The date of that balance depends on proximity to the ocean.
Oceans distribute the heat of the sun quickly and efficiently, and ocean surface temperatures respond only slowly to increased sunlight. In many places, the ocean reaches its maximum temperature in September. The land holds the sun’s heat at the surface and distributes it quickly to the atmosphere.
Places far from the sea reach their yearly maximum temperature earlier than those near the water. In the desert, where the temperature is dependent almost entirely on daily heating, the maximum may occur very close the solstice.
Here are some samples of the dates of maximum temperature:
- Atlanta, July 28
- Boston, July 20
- London, August 1
- Moscow, July 20
- San Francisco, June 26
- Phoenix, July 5
- St. Louis, July 14
- Honolulu, Sept. 2
- Mumbai, India, May 16
Local Influences Can Cause Exceptions To The Maximum Temperature Rule
The entry of Mumbai in the chart above may look like an error — but it is not. India experiences a monsoon, which brings offshore (land to sea) winds in the winter and onshore (can you guess?) winds in the summer. Mumbai, on the coast, is one of the first places to receive the wind shift, and this normally occurs in May.
Summer Is Longer Than Winter
Though it may not have seemed so in a practical sense to inhabitants of the eastern United States this year, technically summer is longer than winter by both meteorological and astronomical measures.
Meteorological summer is June, July, and August: 92 days. Winter is December, January, and February: 90 days (91 on leap years). This is entirely due to the shortness of February. So you might think that the astronomical seasons would be equal, since they do not depend on the number of days in any month, but go strictly by the sun’s position in the sky.
But there’s a catch — and it means astronomical summer is actually longer relative to winter than its calendar counterpart.
The Orbit Of The Earth Around The Sun Is Not Round
As the earth revolves around the sun, it comes closest in its elliptical path on January 3; it is farthest away on July 4.
According to Kepler’s second law of orbital motion, a planet sweeps out equal areas in equal amounts of time.
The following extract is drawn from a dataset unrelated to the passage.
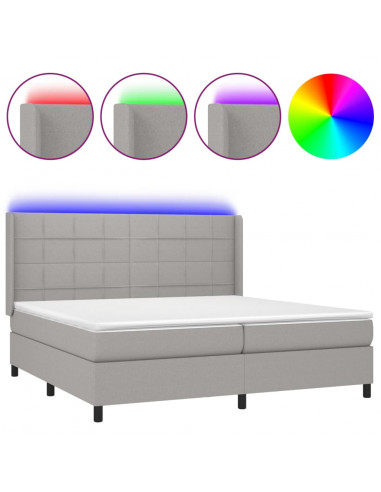 Letto a Molle Materasso e LED Grigio Chiaro 200x200 cm Tessuto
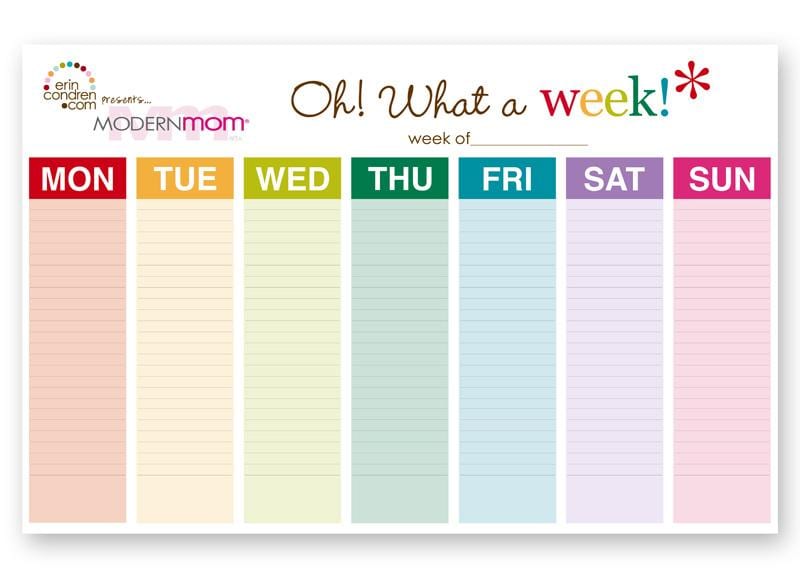 Modernmom Weekly Calendar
The earth speeds up at perihelion (closest approach to the sun) and whizzes through winter in 89 days, while it languishes 94 days for summer.
Effect Of The Earth’s Eccentric Orbit On The Weather
The earth is about three million miles closer to the sun in January than in July. It would seem that this would make the seasons more extreme in the southern hemisphere and less in the northern — but this is not the case.
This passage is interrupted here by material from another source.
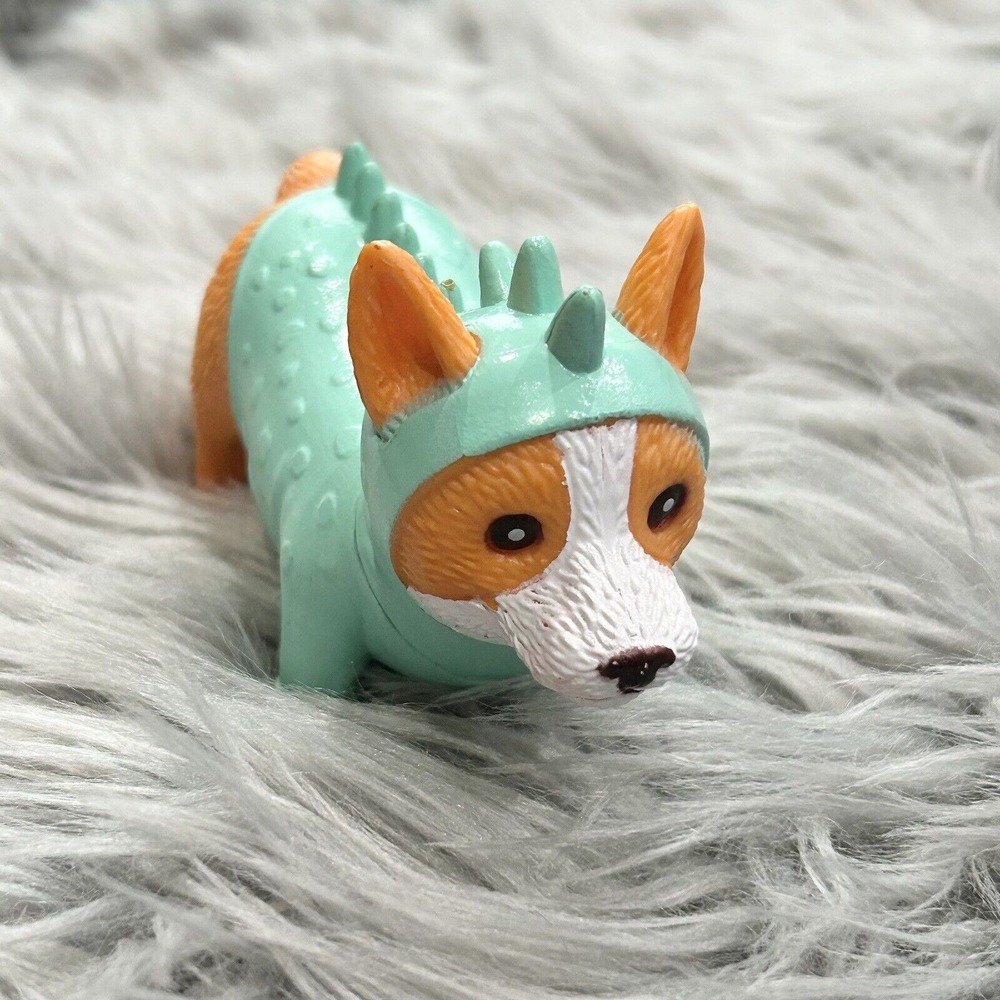 Halloween Plastic Corgi Puppy Dog in Dinosaur Costume Ankyo Toys‎ Collectible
Because of the distribution of land masses (two-thirds of earth’s land surface is in the northern hemisphere) and the contribution of local effects, the seasons actually vary quite a bit more in the northern hemisphere.
What Good Is The Solstice?
The French, ever resourceful, decided in 1982 that the summer solstice would be a good time to celebrate with music. Their idea, Fete de la Musique, has spread to over 500 cities in over 100 countries.
The solstice is obviously a good day to have a rockin’ good time; so let’s paaahty!